The 23-year-old takes one of the roster spots left vacant by the release of WR Eric Page and CB Coryell Judie after the two undrafted rookies failed their physicals on Wednesday.
Perkins had participated in Denver's rookie camp in May as a non-roster invitee, and will wear number 43; his last two seasons at Colorado were marred by injury, but he ranks 41st on the school's all-time tackles list. Anthony is the grandson of Dallas Cowboys Ring of Famer and six-time Pro Bowler Don Perkins.
The first week of training camp is too early to tell most things. There were some things that stood out, though, and these seemed to be worth watching:
1. Friday was only Day 2, but second-round draft pick Derek Wolfe was turning some heads with his intensity and focus. He’s been running with the second unit as the RDE, but given the talent in front of him, I would have been shocked if they started him any higher. He’s going to have to put on some muscle weight to make it into the interior on the first two downs, but he was placed with the first team nickel unit in Friday’s work. That’s a place that he might get some reps this season - it suits his quickness and technique.
I’ve been following Derek as much as possible and he’s made it clear that unlike a lot of defensive linemen just out of college, he understands that what he’s doing is technique intensive, technique dependent. That’s going to serve him well. He also seems to have a heck of an attitude - prepared, hard working, and totally committed. This is not a guy I’d worry about off the field - he’s busy. He’s working out, studying the playbook, or studying film. When guys in the offseason tweet about commitment on Saturday night, or talk about how they were just getting back from working out, it’s a good sign.

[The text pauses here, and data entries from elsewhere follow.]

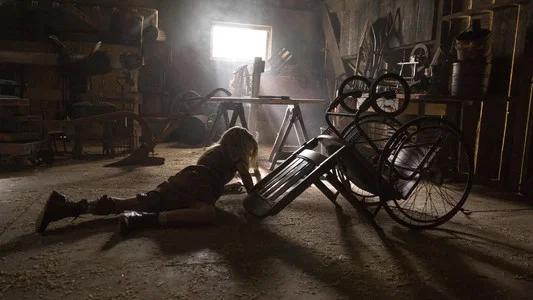 Foto de Annabelle 2: La Creación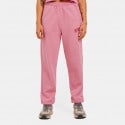 JJXX Women's Track Pants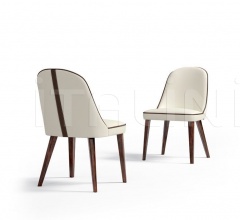 Стул 0600 KALLY Стул 0600 KALLY фабрика Antonelli Moravio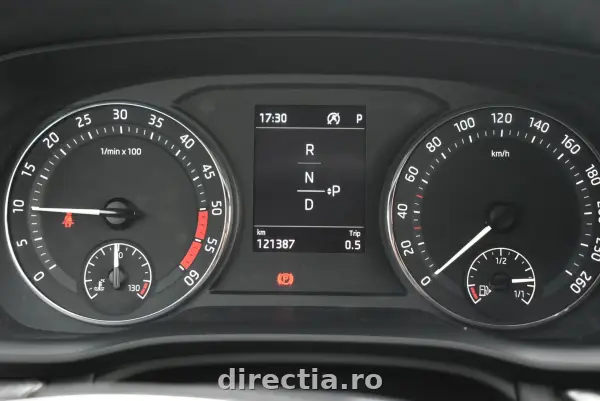 Poza anunț 8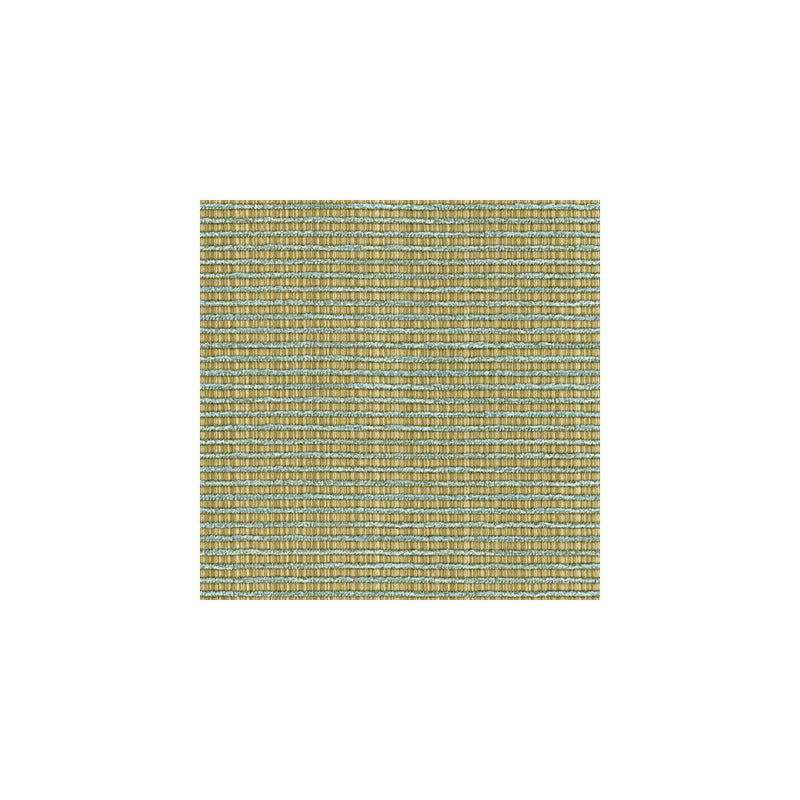 KRAVET SMART - KRAVET SMART- 32946-1516 - Fabric by the Yard 32946-1516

Brandon Stokley practiced after missing Thursday's action with the flu, and Chris Kuper performed position drills. Quinton Carter suffered a hamstring injury, and Justin Bannan remains sidelined with a calf injury. Champ Bailey and Julius Thomas sat out team drills, while Knowshon Moreno caught passes in seven-on-seven drills. The coaches apparently wanted to save Champ the punishment of practicing on artificial turf.

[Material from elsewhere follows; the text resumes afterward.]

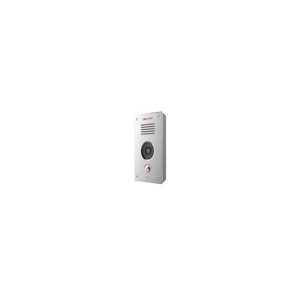 HIKVISION DS-PEA1-21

Mike Adams surprisingly joined Andre Caldwell, Matt Willis, Ronnie Hillman, and Omar Bolden in returning kickoffs. During his eight NFL seasons, Adams has returned only two kicks, both last season.

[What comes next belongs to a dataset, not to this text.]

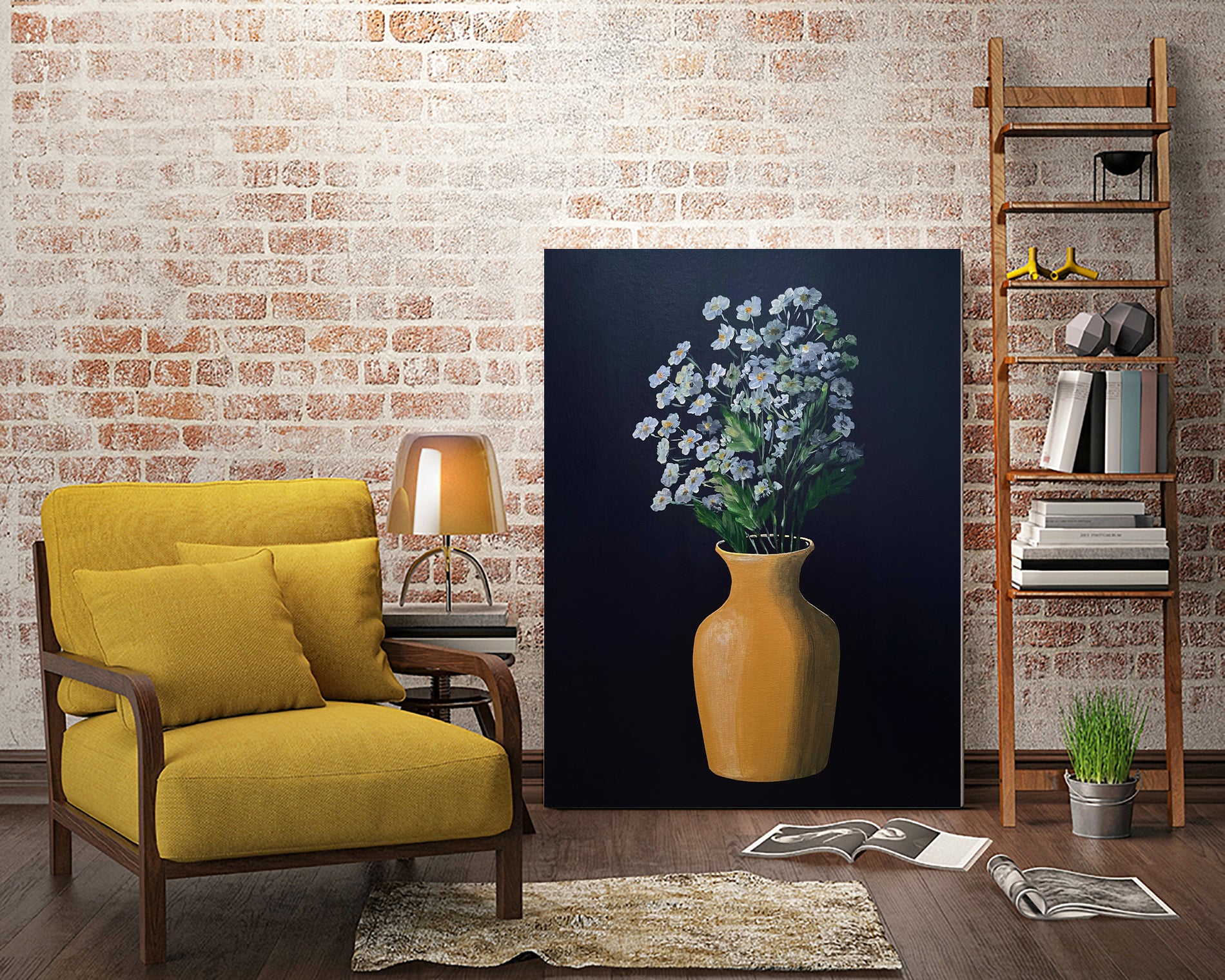 PUUID-PX3221768_GR2432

Sometimes you wake up and you go through the motions; other times, you feel a Limerick coming on.
Unrein on the line is unreal,
and larger this year--sex appeal.
he brings it each day,
from practice squad to tungsten steel.
Let it breathe. Then try your own in the comment section. The worst thing that can happen is laughter.
Stuart Zaas of the official site slipped an interesting little nugget into his summary of yesterday afternoon's walkthrough practice:
After he was done taking first-team reps, Manning worked with [Chris] Kuper on snapping the ball.
Does this mean anything? Probably not. Manning is a noted workaholic. Give him five minutes and he'll burn off the time with yet another drill.
We're not reading much into this. Still, for those about to speculate, we
salute poll(ute) you.
(H/t: Kaleb Harvey, for the heads up.)
Happy Friday, Broncos fans! In accordance with the new CBA's ban on full-contact two-a-days, the Broncos held a private walkthrough yesterday evening to complete the first day of training camp. RG Chris Kuper, who had not worked with the starters during morning practice, was back with them for the evening.
As for that morning session (BTV, photos), the departure of undrafted rookie Eric Page, who was waived due to a knee injury, left Eric Decker, Syd'Quan Thompson, Tracy Porter, and Drayton Florence to field punts. C.J. Davis was the backup center, meaning rookie Philip Blake isn't just competing with starter J.D. Walton for the spot, if he is at all.